Table 4 The improvement in liquid flow capacity by the addition of nanoemulsion to working fluids
Fig. 12
figure 12

Pressure transmission curves and graphical slope interpretation of dimensionless pressure versus time

3.3.2 Damage mechanism and adsorption of chemical agents in different working fluids

The core samples after PTT in Sect. 2.3.3 were placed in an oven at 80 °C. After drying for 48 h the samples were removed and scanned with a GeminiSEM 300/VP high resolution field emission scanning electron microscope (SEM). Figure 13 shows that after the PPT experiments, the core morphology presents a specific angle. On the other hand, the core was destroyed by the polymer or solid phase residues in the slickwater and the guar gum fracturing fluid after the flow experiment, the micro-morphology was relatively cracked, which affected the permeability recovery. Figure 14 shows the adsorption of carbon element on the rock surfaces, which is the main element of nanoemulsion, slickwater, and guar gum. In the brine flow experiment, only nanoemulsion is adsorbed on the rock surface. However, in other working-fluid flow experiments, nanoemulsion, slickwater or guar gum residues are absorbed on the rock surfaces. Therefore, the element adsorption pictures of slickwater and guar gum fracturing fluid shows the brightness of yellow and distribution are higher than that in the brine, which further verifies the damage of slickwater and guar gum fracturing fluid.

Fig. 13
figure 13

SEM images of core samples after PTT performed with different working fluids with nanoemulsion

Fig. 14
figure 14

Carbon adsorption maps of rock surfaces after PTT performed with different working fluids with nanoemulsion

3.3.3 Parallel core flow test results

According to the PTT results, nanoemulsions can improve the flow capacity of brine, slickwater, and guar gum fracturing fluid in a degree. Therefore, it is necessary to further study whether the addition of nanoemulsions to the fracturing fluids can improve the flowback rate of the fracturing fluids. Because the actual reservoirs are often heterogeneous, the adaptability of nanoemulsions in reservoirs needs to be further studied. Two cores with different permeabilities were installed into parallel core holders to simulate a heterogeneous reservoir and then fluids were injected, separately. According to the injection pressure difference before and after fluids passed through the parallel cores, the fluid permeabilities, permeability contrast (ratio of the permeability of the two parallel cores, kH/kL), and fluid flowback rates were analyzed.

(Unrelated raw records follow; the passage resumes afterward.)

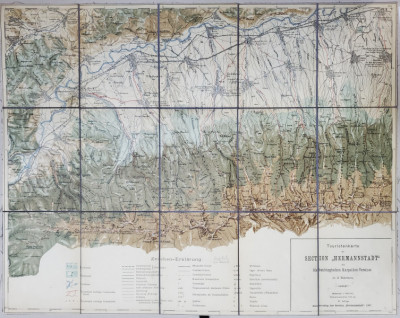 Harta turistica a Sectiunei Hermanstad - 1921 foto
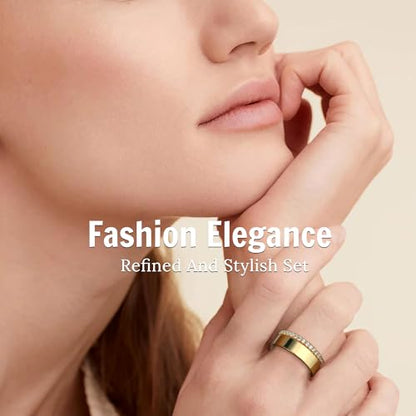 2 Pack Sterling Silver Eternity Ring & Gold Band for Women, 2mm CZ Stackable Wedding Engagement Promise Rings, Simple 5mm Plated Band, Size 5-10, Gift Jewelry Set - color: Gold, size: 5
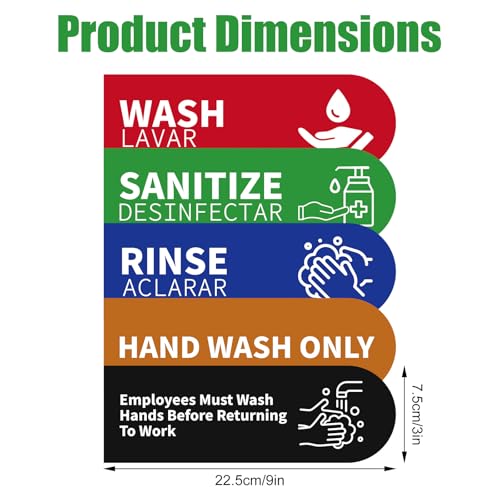 5pcs Wash Rinse Sanitize Sink Labels, 9x3in Waterproof Hand Washing Stickers for 3 Compartment Sinks for Commercial Kitchens Restaurants Food Trucks & Dishwashing Stations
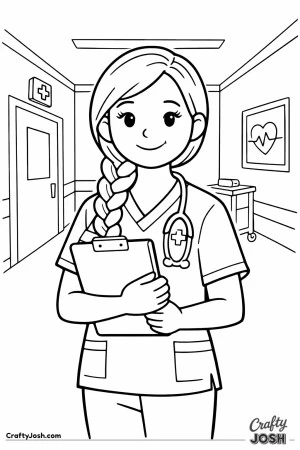 Female nurse hospital hallway clipboard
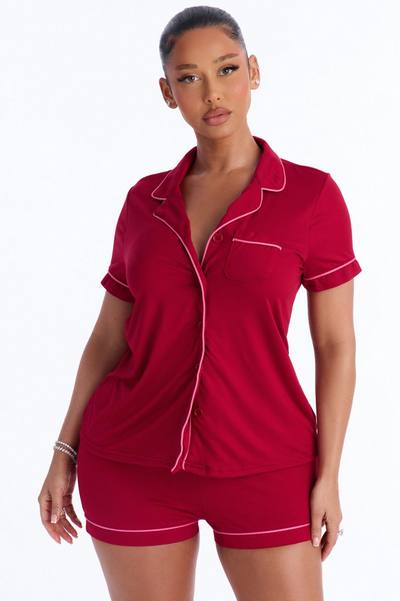 Dreamy Darling Button Up PJ Short Set - Red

The experimental results of three sets of parallel cores are shown in Table 5 and Figs. 15, 16 and 17. Compared the results of the two groups with similar permeabilities at the beginning of the experiment (e.g., the first and second groups of parallel cores), the ratio of permeability to brine before the chemical treatment (i.e., nanoemulsion-containing working fluid) were 6.24 and 8.55, while after treatment with chemical agents, the values decreased to 3.71 and 3.14, respectively. At the same time, due to the heterogeneity changes of the parallel cores, the flowback rates of P-1/H, P-1/L, P-2/H, and P-2/L increased by 26.40%, 74.97%, 22.77% and 63.26%, respectively, compared with before treatment. In the chemical treatment stage, the nanoemulsion preferred to enter the relatively high-permeability cores, and then block the pores and throats in the relatively high-permeability core. This would change the permeability ratio of the parallel cores. After the follow-up brine injection was done, the gas fingering decreased and an even push to brine was formed when reverse gas displacement was conducted on the parallel cores. Therefore, the flowback rates of the relatively low-permeability cores P-1/L and P-2/L were improved more significantly compared with the relatively high-permeability cores P-1/H and P-2/H. The initial permeability ratio of the first group of cores was lower than that of the second group, thereby the gas flooding flowback rate increased greatly for the first group. Compared with the first group of cores, the initial permeability values of third group of cores were significantly higher, the increase rate of gas flooding flowback rate for P-3/H was 18.68%, lower than that for P-1/H, and the value for P-3/L was 44.45%, lower than that for P-2/L.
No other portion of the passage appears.